— Старче, — сказал я, — надо что-то сделать, потому что невыносимо работать рядом с нечистотами.
Старец не отвечал, он испытывал мое терпение и оставлял все как было. Я не понимал, почему он оставляет меня работать в таких условиях. Я вновь ему сказал:
— Старче, давай выкопаем яму, чтобы нечистоты попадали туда. Мы ее закроем, и не будет пахнуть так ужасно.
— Нет, — сказал Старец, — как есть, пусть так и будет. И ты будешь там сидеть и работать.
— Буди благословенно.
Так я работал в этом месте, творя непрестанно молитву: „Господи Иисусе Христе, помилуй мя!“ По временам приходил Старец Иосиф и говорил:
— Так-то, дитя мое. Только не прекращай молитву. Пусть уста твои не замолкают.
— Буди благословенно, Старче.
И там, где я работал, говоря Иисусову молитву, часто приходила некая сладость, некое умиление и сила в молитве.
Спустя немного времени вижу, пришел отец Иосиф Младший и говорит Старцу:
— Старче, дядя Яннис Самарас выходит на пенсию. У него есть и лодочка, и двадцать золотых монет. Он хочет стать монахом. Возьмем его, Старче?
— Не говори мне о его деньгах и его лодке. Он уже очень старый. Он не сможет.

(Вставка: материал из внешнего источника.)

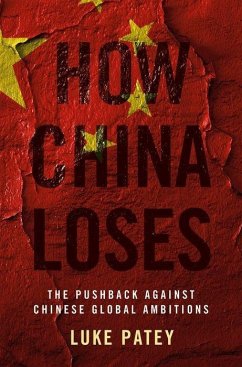 How China Loses - Patey, Luke (Senior Researcher, Senior Researcher, Danish Institute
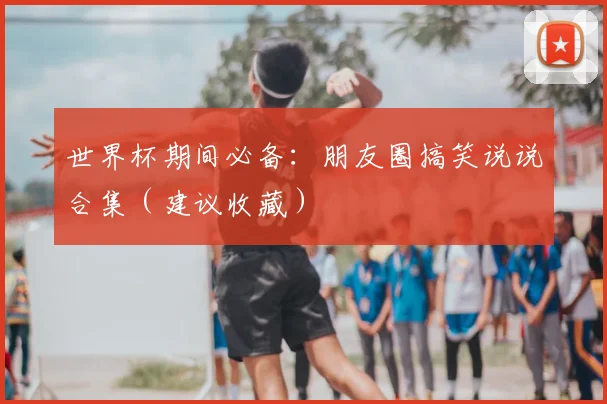 世界杯期间必备：朋友圈搞笑说说合集（建议收藏）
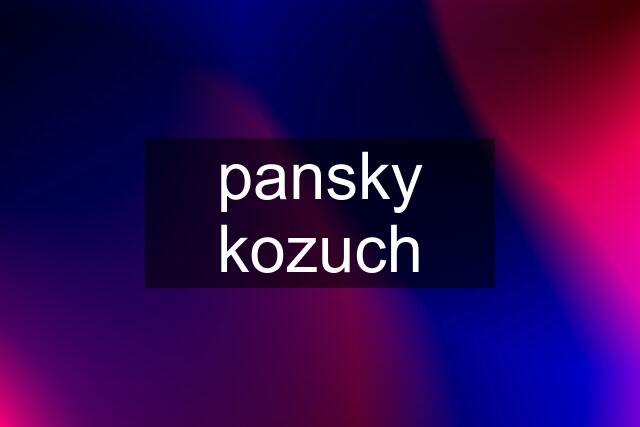pansky kozuch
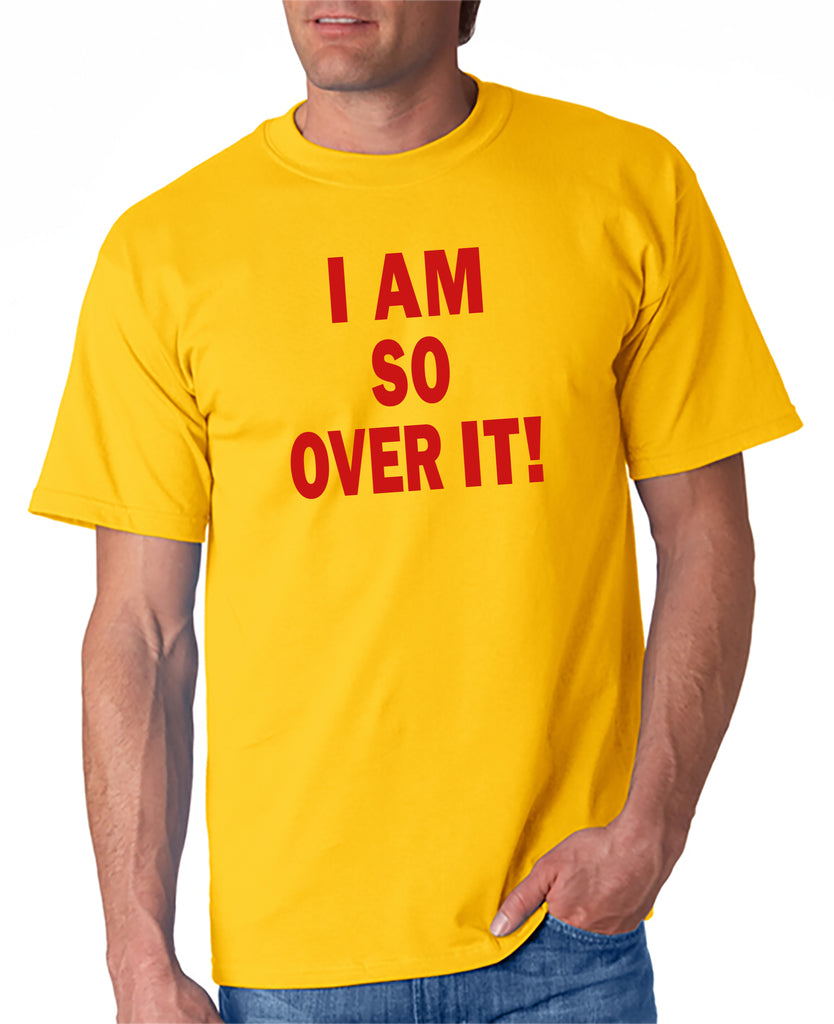 I AM SO OVER IT - T-Shirt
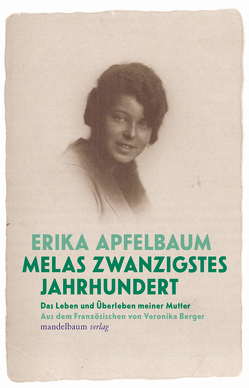 Melas 20.Jahrhundert von Apfelbaum,  Erika, Berger,  Veronika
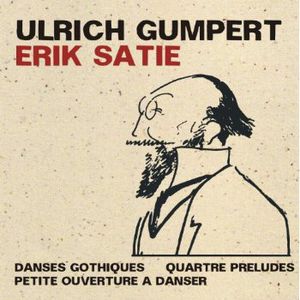 Danses Gothiques / Quartre Preludes , Erik Satie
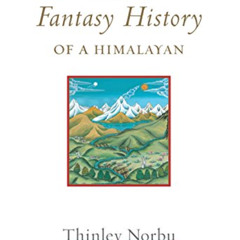 [Free] EPUB √ A Brief Fantasy History of a Himalayan: Autobiographical Reflections by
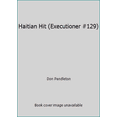 thumbnail image 1 of Pre-Owned Haitian Hit (Executioner #129) (Paperback) 0373611293 9780373611294, 1 of 1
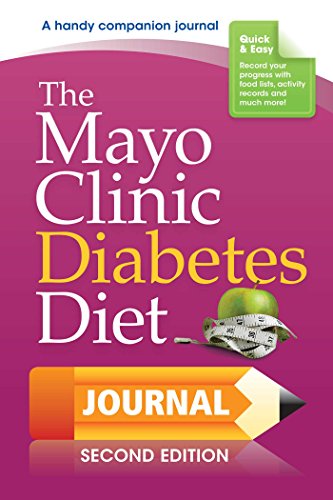 The Mayo Clinic Diabetes Diet Journal: 2nd Edition The Mayo Clinic Diabetes Diet Journal: 2nd Edition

— Но, Старче, знаешь, какой он хороший человек! У него была особая комната для монахов, и кто к нему ни приходил, он всех принимал на ночлег. Если бы ты знал, какой это хороший человек!
— Куда ты его собираешься поместить? — спросил Старец.
— Да вот, в комнату отца Ефрема. У батюшки две комнаты. Я его спросил, и он ответил: „Хорошо, если вы в состоянии мыть его, стирать за ним, когда он будет ходить под себя, то берите его“. Нас два человека. И что, мы не сможем за ним ухаживать?
— Я в это не хочу вмешиваться, — опять сказал Старец. — Лучше его не брать. Но если вы хотите взять это на себя, берите его.
— Да, я это беру на себя, — сказал отец Иосиф.
— Ладно, берите.
Не прошло и двух месяцев после прихода к нам этого старичка, как у него случилась сильная диарея. У него было двадцать-тридцать простыней и пятнадцать штанов, и он все это вымазал. Он ходил, а нечистоты стекали по его штанам. Все вокруг провоняло. От келлии, где он жил, до уборной — все было в нечистотах. Я шел спать и не мог уснуть из-за запаха.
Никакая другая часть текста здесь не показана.